The formal announcement on Monday, March 19, 2012 by Central Bank of Nigeria suspending its much touted cashless policy is a welcome development and shows the apex bank as respecting public opinion on the volatile issue. It is not only the suspension of the take off of the policy till January 1, 2013 in other parts of the country that is heart-warming, the fact that the withdrawal and deposit limit was also increased from N150, 000 to N500, 000 for individuals and N1 million to N3 million for corporate entities also portray the CBN as a responsive and responsible institution. Other measure announced by CBN was the reduction in the processing fees to be paid by customers who may wish to deposit or withdraw more than the approved amount.

The CBN’s plan to push Nigeria into a cashless society is aimed at reducing incidences of money laundering, terrorist financing and other economic and financial crimes. It is also aimed at lessening dependence on cash transactions while exposing bank customers to other means of electronic financial transactions such as Point of Sale (POS) terminals; Mobile payments; Internet banking; Online payments; Automatic Teller Machines; Instant Electronic Fund Transfers; Direct debit for regular-in-nature bills payments (e.g. Electricity bills, Pay-TV bills, Water rates.)

The pilot implementation of the policy in Lagos in the last three months has shown that the programme needs to overcome its teething problems. These include the challenge posed by inadequate information, communication technology (ICT) infrastructure; shortages of electricity; shortage of bank branches, Automated Teller Machines and Point of Sale devices; poor security systems and internet fraud; lack of access to banking services and the extra large informal sector. A CBN report has also been alleged to note that low literacy levels in some parts of the country, weak laws, low consumer confidence and insurance issues pose obstacles to implementing the cashless policy. To surmount the challenge posed by ICT, Association of Telecommunications Companies of Nigeria reckons that additional investments of $100 billion are required over the next five years to support seamless e-transactions.

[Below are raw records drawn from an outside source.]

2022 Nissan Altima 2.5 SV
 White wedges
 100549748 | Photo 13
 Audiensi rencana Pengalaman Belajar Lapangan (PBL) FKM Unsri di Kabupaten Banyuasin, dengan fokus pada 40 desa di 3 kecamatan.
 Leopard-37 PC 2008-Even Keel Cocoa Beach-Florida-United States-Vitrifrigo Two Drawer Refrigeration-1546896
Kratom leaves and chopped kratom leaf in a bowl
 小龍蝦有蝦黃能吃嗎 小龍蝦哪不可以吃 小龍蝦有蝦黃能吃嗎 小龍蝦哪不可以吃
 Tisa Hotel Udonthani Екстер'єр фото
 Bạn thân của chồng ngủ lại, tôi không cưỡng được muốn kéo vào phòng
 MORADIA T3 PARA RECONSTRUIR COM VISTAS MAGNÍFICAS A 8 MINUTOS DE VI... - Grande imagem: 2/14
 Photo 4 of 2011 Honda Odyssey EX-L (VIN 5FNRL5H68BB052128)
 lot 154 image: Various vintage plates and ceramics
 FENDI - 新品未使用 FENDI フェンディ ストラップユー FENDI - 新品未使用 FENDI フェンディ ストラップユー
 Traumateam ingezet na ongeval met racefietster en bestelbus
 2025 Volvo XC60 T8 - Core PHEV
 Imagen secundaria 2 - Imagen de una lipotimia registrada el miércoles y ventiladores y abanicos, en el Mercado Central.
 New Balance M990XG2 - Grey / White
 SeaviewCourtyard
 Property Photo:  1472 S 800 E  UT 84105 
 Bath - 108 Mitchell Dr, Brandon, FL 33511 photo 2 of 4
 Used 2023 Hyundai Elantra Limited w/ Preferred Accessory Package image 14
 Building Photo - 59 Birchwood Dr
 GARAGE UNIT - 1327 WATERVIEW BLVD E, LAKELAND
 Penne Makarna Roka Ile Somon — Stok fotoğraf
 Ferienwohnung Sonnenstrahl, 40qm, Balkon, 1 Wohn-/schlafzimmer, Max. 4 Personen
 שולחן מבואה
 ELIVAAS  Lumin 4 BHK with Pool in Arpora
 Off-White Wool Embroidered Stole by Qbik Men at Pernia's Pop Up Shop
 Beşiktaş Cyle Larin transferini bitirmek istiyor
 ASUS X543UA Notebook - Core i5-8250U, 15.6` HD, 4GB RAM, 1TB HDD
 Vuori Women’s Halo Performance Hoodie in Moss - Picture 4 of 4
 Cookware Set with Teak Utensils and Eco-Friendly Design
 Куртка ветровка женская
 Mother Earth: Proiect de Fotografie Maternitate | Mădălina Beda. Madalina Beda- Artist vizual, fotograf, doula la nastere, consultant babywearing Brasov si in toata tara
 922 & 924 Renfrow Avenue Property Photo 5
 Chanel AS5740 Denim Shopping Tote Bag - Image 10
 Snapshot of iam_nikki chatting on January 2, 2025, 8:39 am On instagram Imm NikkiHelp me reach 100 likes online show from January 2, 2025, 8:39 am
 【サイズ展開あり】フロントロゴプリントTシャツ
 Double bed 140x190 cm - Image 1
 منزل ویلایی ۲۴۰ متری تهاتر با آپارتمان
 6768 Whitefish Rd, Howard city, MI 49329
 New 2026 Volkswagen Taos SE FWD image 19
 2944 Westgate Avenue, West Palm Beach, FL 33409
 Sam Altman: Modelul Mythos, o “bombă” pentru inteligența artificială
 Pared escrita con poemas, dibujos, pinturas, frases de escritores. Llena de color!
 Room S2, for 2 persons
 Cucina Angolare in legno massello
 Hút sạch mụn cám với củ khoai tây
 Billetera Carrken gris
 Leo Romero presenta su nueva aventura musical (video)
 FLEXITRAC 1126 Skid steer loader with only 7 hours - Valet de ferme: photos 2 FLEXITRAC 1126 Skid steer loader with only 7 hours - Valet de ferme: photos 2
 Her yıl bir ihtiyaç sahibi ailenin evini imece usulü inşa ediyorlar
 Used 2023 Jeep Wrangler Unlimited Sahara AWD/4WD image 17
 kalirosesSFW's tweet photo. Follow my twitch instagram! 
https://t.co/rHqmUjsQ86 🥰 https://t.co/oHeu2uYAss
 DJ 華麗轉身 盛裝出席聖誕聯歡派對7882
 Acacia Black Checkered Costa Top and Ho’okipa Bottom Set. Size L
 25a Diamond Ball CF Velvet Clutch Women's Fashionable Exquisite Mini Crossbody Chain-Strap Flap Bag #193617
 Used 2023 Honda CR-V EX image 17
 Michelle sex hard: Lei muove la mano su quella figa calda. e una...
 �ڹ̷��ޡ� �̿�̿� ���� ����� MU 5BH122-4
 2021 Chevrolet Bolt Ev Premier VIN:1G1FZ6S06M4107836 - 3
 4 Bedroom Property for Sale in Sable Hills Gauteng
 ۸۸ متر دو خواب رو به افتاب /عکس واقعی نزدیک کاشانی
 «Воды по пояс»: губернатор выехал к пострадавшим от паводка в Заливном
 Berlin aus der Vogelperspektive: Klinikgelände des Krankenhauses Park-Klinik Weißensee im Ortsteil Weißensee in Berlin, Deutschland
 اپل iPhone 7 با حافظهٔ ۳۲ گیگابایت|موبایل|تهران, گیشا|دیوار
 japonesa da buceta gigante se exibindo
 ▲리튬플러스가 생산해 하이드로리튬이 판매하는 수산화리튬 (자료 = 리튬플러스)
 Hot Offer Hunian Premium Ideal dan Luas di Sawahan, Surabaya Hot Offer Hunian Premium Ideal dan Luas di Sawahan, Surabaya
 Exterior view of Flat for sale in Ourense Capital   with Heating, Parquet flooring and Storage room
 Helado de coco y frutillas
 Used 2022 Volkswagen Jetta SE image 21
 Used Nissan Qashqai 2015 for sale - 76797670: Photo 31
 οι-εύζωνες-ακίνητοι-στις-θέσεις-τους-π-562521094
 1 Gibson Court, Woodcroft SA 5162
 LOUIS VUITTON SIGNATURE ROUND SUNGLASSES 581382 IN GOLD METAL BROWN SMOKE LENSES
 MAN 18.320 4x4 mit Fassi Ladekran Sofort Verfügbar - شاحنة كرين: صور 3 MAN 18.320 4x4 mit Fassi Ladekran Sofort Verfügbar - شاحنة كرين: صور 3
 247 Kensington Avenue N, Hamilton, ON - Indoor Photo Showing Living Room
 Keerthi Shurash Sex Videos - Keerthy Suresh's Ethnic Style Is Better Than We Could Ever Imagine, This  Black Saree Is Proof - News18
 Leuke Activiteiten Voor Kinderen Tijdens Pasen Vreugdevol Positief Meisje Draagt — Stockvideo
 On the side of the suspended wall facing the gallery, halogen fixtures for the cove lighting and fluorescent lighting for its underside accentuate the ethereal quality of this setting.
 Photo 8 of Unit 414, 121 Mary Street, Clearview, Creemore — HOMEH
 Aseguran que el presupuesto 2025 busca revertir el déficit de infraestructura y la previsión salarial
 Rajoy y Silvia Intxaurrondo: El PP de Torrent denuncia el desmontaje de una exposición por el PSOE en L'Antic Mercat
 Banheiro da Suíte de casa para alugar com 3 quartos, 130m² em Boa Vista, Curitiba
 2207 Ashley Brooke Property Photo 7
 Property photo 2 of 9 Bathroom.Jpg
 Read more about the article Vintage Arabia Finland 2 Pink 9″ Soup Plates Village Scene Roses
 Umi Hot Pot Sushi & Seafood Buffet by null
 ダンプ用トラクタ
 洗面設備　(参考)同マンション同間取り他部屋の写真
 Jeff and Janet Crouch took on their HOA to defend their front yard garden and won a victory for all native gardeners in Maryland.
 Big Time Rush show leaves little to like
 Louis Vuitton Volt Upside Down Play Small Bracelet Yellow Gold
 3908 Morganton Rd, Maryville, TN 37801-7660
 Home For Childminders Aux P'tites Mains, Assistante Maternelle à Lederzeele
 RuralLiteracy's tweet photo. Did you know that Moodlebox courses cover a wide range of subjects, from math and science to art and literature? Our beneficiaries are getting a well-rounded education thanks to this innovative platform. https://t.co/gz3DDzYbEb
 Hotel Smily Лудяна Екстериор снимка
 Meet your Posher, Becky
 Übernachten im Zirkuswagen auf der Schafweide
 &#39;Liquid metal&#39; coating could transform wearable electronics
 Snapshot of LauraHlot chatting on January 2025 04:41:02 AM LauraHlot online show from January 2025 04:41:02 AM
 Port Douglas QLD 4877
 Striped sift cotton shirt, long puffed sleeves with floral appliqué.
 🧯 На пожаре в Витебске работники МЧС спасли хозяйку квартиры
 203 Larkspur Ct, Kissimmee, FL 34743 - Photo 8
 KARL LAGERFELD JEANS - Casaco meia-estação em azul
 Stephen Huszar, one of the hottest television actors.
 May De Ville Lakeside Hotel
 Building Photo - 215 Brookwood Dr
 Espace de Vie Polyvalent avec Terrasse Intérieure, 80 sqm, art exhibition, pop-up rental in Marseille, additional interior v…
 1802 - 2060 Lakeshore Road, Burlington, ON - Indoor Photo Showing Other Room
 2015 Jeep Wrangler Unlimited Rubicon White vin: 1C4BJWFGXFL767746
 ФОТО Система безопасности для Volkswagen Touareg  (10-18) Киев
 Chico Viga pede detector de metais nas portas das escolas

From the foregoing, it is obvious that the challenges being faced by the operators in implementing this noble policy is daunting though not insurmountable. However, to overcome them, a lot of resources need to be mobilized to tackle the obstacles.
Whether the regulator (CBN) or the operators (banks and other financial institutions) have the humongous resources to make a success of the cashless policy remains to be seen. The way things stand; it seems the solution is going to be more expensive than the problem meant to be solved. Given the financial crises that have nearly crippled banking operations in Nigeria and many cost-cutting measures banks have had to embark on, where will they get the money to implement the cashless policy? They need to procure more of the e-banking platforms like ATM machines, PoS terminals, expand branches, train staffs, carry out sustained sensitization programmes across the country, purchase more power generators, inverters etc, all these will cost a lot of money which some of the banks operating in Nigeria may ill-afford.

True, the suspension of the nationwide roll-out date will give the financial institutions more time to prepare for the implementation of the policy. CBN should also look at where it can help the operators to cushion the effect of the enormous resources to implement the policy. A bail-out may be considered. If this will not happen, a longer period may be considered for take-off of the policy. However, we should not also lose sight of the incentive CBN has given to the bank customers by increasing substantially the limit of the amount that can be deposited or withdrawn daily. Kudos to the Central Bank of Nigeria!